In its statement, WISA, which is Wetlands International’s South Asia Division, has categorically stated that it does not support the Manipur government’s plan to introduce Loktak Inland Waterways and Loktak Eco-Tourism Projects. These initiatives have been developed independently by the concerned state government agencies, it has added.
Asian Development Bank has also clarified that the Department of Economic Affairs in the Government of India’s Ministry of Finance has proposed the project for ADB financing on February 24, 2021. “ADB will examine the project proposal as per standard procedure. No details are available with ADB at the moment,” it said.
The clarifications from both WISA and ADB may put the Manipur government into a sticky situation as the HC its October 12, 2020 order had allowed LDA to proceed with the Notice Inviting Tender (NIT) for the projects after the Manipur government filed the Integrated Management Plan for Wise Use of Loktak Lake, Manipur (2020-2025) and the Solicitor General of India submitted that the ADB, Japan is funding for this project and the funds for this project will also lapse if the NIT is not permitted.
The government had claimed that funds have already been secured from the ADB for the eco-tourism project. The Government allegedly used this false claim to snatch an order from the High Court, and thus lift the interim stay on the activities in Loktak and allow the immediate issuance of NITs for the eco-tourism project and inland waterways project.
Besides, an RTI response provided by Manipur government’ tourism directorate on February 9, 2021 has also nailed Manipur government’s lies on the issue. Responding to RTI queries filed by Indigenous Perspectives on January 21, 2021 on status of the project, Tourism director W Ibohal Singh stated that the project has (been) proposed to the DEA but not yet approved.
On the Detailed Project Report (DPR), the Tourism director stated that the project is not yet approved and DPR is not yet finalised.
On media reports on the Chief Minister of Manipur N Biren’s claim that the Tourism Ministry has given an approval of Rs. 1,350 crore worth projects for the comprehensive development of Loktak lake, the director stated that Department has proposed to the Ministry at a total project cost of Rs 1350 crore but it is not yet approved and sanctioned. Also, DPR is not yet finalized, it added.

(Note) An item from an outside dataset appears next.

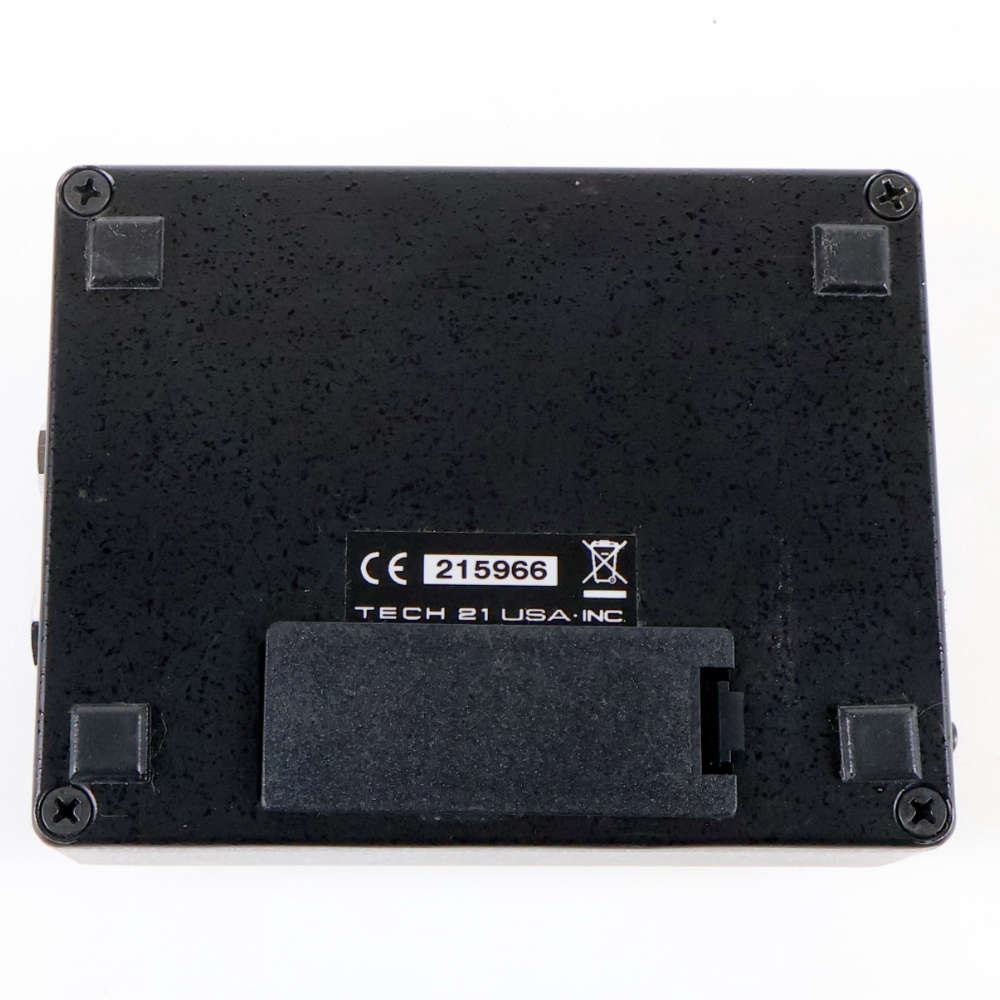 【中古】 TECH21 SansAmp PARA DRIVER DI DIボックス 裏面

WISA puts the record straight
Spelling out its position on the project, which has drawn criticisms from several quarters over un-ecological components of the plan, WISA has made it clear that all developmental activities around the Loktak Wetland Complex have to be aligned with the wetland’s ecological character and wise-use. “Loktak being a Ramsar site is regulated under the provisions of the Wetlands (Conservation and Management) Rules, 2017. The management plan has called for ensuring convergence in all developmental activities in and around Ramsar site in conformity with wise use principle and the extant regulatory regime,” it said.
WISA, which has been working for sustaining and restoring wetlands, their resources and biodiversity in the South Asia region, has issued the clarification following a global campaign to “protect for posterity the unique Loktak Wetland Region in Manipur.
As part of the campaign, an online petition was launched by Ngamee Lup, in coordination with Indigenous Perspectives, Imphal, Manipur & Environment Support Group, Bangalore, calling for the saving of Lake Loktak and support of its people. Highlighting the need for greater engagement with these communities and for the government to revise its current plans for the development of Lake Loktak, the petition has demanded that Wetlands International withdraw its so-called ‘wise use’ plan for Loktak.
According to the petition, “Loktak Manipur: An Integrated Plan for Wise Use (2020-2025)” developed by WISA and LDA in July 2020 is ecologically disastrous and socially disruptive and a patently unjust proposal. The 231-page plan includes proposals for governance of the region led by parastatals, not democratic institutions and an action plan that promotes massive expansion of infrastructure for transport and tourism, extractive fishing based on industrial models of production, and a range of consumerist mass tourism. WISA’s plan includes proposals to set up factories in this eco-sensitive region to back extractive fishing, a move that would displace and destroy traditional and artisanal fisherfolk and farmers.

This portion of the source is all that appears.